Już same wymiary (długość 4,8 m, szerokość i wysokość 1,9 m) sugerują, że to auto dla prawdziwego macho. Napęd 4x4, 22-centymetrowy prześwit i potężne 18-calowe obręcze kół (standard od wersji wyposażenia Premium), które tu akurat giną w jeszcze potężniejszych nadkolach jednoznacznie sugerują przeznaczenie samochodu.
Do kabiny trzeba się wspinać. Dotyczy to absolutnie wszystkich osobników, nawet tych wysokich. Wewnątrz przepych – skóra, elektryczne sterowanie wszystkim, co się da ustawiać czy regulować. Szkoda tylko, że wrażenie wysokiej jakości psują tanie plastiki. Z ergonomią również Toyota ma na bakier. Chcesz uruchomić silnik (przyciskiem) i trafiasz w pokrętło panelu klimatyzacji.

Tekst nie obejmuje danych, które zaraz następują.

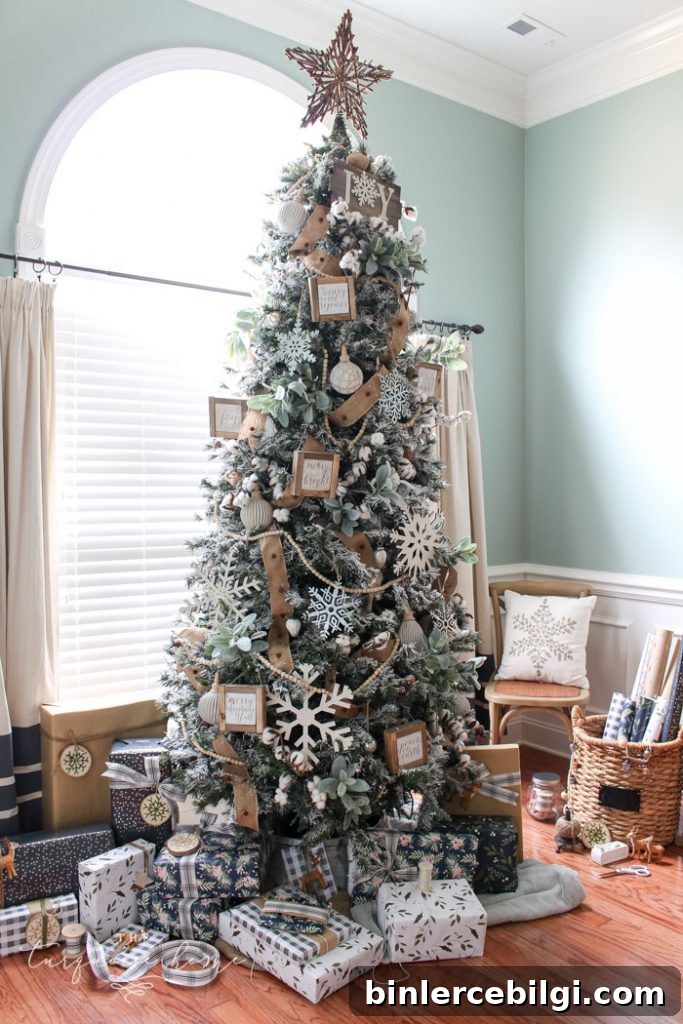 My Flocked Farmhouse Christmas Tree - super cute cotton stems, lamb's ear, galvanized snowflakes, and wooden bead garland.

Co gorsza, ktoś wpadł na pomysł, aby wokół kolumny kierownicy, w miejscu zupełnie niedostępnym dla wzroku kierowcy, umieścić wiele przycisków funkcyjnych. Może nie są one pierwszej potrzeby (podgrzewanie kierownicy, ustawianie lusterek zewnętrznych, wyłącznik systemu stabilizacji toru jazdy), ale szukanie ich podczas jazdy nie jest bezpieczne. Na szczęście z tymi drobiazgami da się jakoś żyć.
Kiedy już usiądziesz wygodnie za kierownicą (a to w Land Cruiserze jest pewne), okazuje się, że nagle nie znajdujesz dróg o złej nawierzchni. Już standardowe, stalowe zawieszenie tłumi absolutnie wszystkie nierówności, jakie napotka. Samochód dosłownie płynie. Dosłownie, bo wpada w charakterystyczne kołysanie. Prawdziwy problem pojawia się, gdy droga robi się naprawdę kręta. Nadwozie zaczyna się wtedy wyraźnie przechylać na boki, a fotele przestają solidnie podtrzymywać ciało.

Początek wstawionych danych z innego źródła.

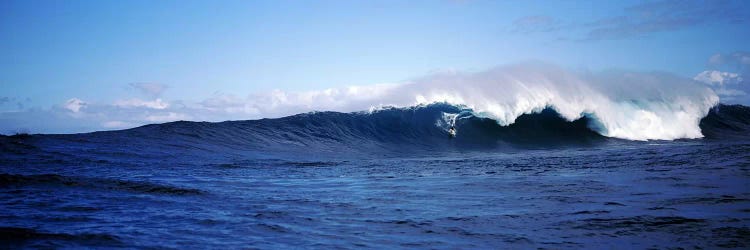 Distant View Of A Surfer On A Cresting Ocean Wave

Do tego kanapowego charakteru jazdy Land Cruisera idealnie „dopasowano” sposób pracy silnika i skrzyni biegów. Reakcja na dodanie gazu jest opóźniona, a biegi przełączane są w sposób płynny i wyjątkowo niespieszny. Moc 190 KM obciążona masą własną auta, która tu wynosi aż 2345 kg, gdzieś się ulatnia. Tak samo zresztą jak moment obrotowy o niby słusznej wartości 420 Nm, który dostępny jest już przy 1600 obr/min.

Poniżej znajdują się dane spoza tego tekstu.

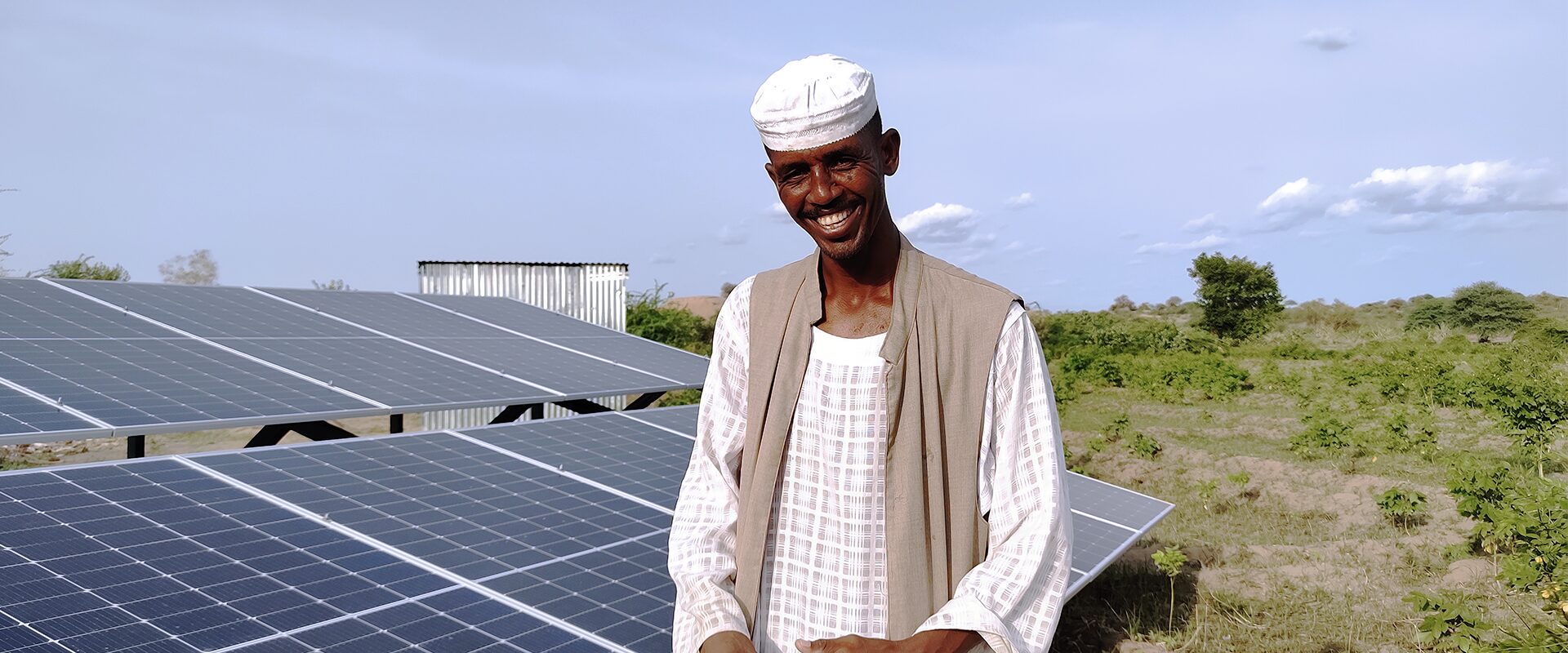 A man stands outdoors smiling in front of several solar panels and greenery under a partly cloudy sky.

Wystarczy jednak zjechać z asfaltowej drogi – im dalej tym lepiej – żeby poznać prawdziwy charakter Land Cruisera. Stały napęd na cztery koła, reduktor, blokady tylnego i centralnego mechanizmu różnicowego, programy jazdy terenowej, asystent wjazdu i zjazdu ze wzniesienia oraz terenowy tempomat „CRAWL” sprawiają, że trudno zatrzymać tego mastodonta w terenie. Właśnie na bezdrożach okazuje się, jak bardzo wszystko jest tu na miejscu. Land Cruisera stworzono po prostu po to, by jeździć nim na skróty. I nie warto go na siłę cywilizować.